***** RECORDS FOR THE TASK *****

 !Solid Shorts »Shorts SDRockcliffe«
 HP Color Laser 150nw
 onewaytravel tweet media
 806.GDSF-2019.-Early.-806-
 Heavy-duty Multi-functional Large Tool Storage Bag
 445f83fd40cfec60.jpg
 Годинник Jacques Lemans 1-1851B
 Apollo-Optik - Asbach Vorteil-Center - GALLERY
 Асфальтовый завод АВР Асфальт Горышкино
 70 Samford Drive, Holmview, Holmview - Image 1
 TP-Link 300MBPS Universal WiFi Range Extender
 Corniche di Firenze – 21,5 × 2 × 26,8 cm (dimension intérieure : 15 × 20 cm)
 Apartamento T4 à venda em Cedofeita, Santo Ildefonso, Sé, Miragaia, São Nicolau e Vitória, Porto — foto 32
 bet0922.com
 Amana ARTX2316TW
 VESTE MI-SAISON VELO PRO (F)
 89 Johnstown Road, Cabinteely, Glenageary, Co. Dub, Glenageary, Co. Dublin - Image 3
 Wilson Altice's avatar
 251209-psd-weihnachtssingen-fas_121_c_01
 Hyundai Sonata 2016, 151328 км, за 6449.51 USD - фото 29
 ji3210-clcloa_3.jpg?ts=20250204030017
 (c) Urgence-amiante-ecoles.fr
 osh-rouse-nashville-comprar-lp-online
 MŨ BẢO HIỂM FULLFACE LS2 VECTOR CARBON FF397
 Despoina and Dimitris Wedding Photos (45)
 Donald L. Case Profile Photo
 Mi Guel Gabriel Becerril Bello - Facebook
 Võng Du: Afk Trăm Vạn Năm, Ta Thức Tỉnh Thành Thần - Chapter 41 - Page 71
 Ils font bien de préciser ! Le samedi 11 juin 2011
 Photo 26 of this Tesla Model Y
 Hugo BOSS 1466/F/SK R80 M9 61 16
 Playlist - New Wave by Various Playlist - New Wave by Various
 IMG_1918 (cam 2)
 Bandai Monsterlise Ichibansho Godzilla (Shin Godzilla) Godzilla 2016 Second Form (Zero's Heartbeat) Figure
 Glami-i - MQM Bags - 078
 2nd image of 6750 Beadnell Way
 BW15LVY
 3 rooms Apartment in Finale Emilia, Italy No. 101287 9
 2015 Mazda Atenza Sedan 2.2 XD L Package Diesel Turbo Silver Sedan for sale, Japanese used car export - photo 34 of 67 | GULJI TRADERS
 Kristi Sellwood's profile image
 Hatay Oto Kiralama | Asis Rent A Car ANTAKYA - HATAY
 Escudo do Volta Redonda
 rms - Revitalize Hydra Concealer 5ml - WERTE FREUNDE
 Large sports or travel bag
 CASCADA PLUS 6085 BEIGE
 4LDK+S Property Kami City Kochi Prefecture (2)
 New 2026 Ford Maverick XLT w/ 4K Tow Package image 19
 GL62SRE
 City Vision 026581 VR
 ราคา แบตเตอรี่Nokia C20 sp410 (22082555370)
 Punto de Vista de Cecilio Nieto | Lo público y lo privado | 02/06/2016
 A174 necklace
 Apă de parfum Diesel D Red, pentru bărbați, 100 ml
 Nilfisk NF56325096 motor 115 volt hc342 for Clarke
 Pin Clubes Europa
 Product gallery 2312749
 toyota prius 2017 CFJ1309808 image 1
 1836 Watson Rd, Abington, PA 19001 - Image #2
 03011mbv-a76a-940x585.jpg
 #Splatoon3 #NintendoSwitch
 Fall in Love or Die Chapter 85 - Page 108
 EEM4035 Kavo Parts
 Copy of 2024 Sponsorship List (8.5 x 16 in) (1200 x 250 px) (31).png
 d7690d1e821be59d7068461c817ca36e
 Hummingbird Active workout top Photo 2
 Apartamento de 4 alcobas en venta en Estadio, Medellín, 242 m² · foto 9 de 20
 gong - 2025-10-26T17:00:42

*****

### WHAT THE TASK ASKS:
Take the listing above and repeat exactly the lines from the one containing "Photo 26 of this Tesla Model Y" through the one containing "A174 necklace", both included.

### RESULT OF THE TASK:
 Photo 26 of this Tesla Model Y
 Hugo BOSS 1466/F/SK R80 M9 61 16
 Playlist - New Wave by Various Playlist - New Wave by Various
 IMG_1918 (cam 2)
 Bandai Monsterlise Ichibansho Godzilla (Shin Godzilla) Godzilla 2016 Second Form (Zero's Heartbeat) Figure
 Glami-i - MQM Bags - 078
 2nd image of 6750 Beadnell Way
 BW15LVY
 3 rooms Apartment in Finale Emilia, Italy No. 101287 9
 2015 Mazda Atenza Sedan 2.2 XD L Package Diesel Turbo Silver Sedan for sale, Japanese used car export - photo 34 of 67 | GULJI TRADERS
 Kristi Sellwood's profile image
 Hatay Oto Kiralama | Asis Rent A Car ANTAKYA - HATAY
 Escudo do Volta Redonda
 rms - Revitalize Hydra Concealer 5ml - WERTE FREUNDE
 Large sports or travel bag
 CASCADA PLUS 6085 BEIGE
 4LDK+S Property Kami City Kochi Prefecture (2)
 New 2026 Ford Maverick XLT w/ 4K Tow Package image 19
 GL62SRE
 City Vision 026581 VR
 ราคา แบตเตอรี่Nokia C20 sp410 (22082555370)
 Punto de Vista de Cecilio Nieto | Lo público y lo privado | 02/06/2016
 A174 necklace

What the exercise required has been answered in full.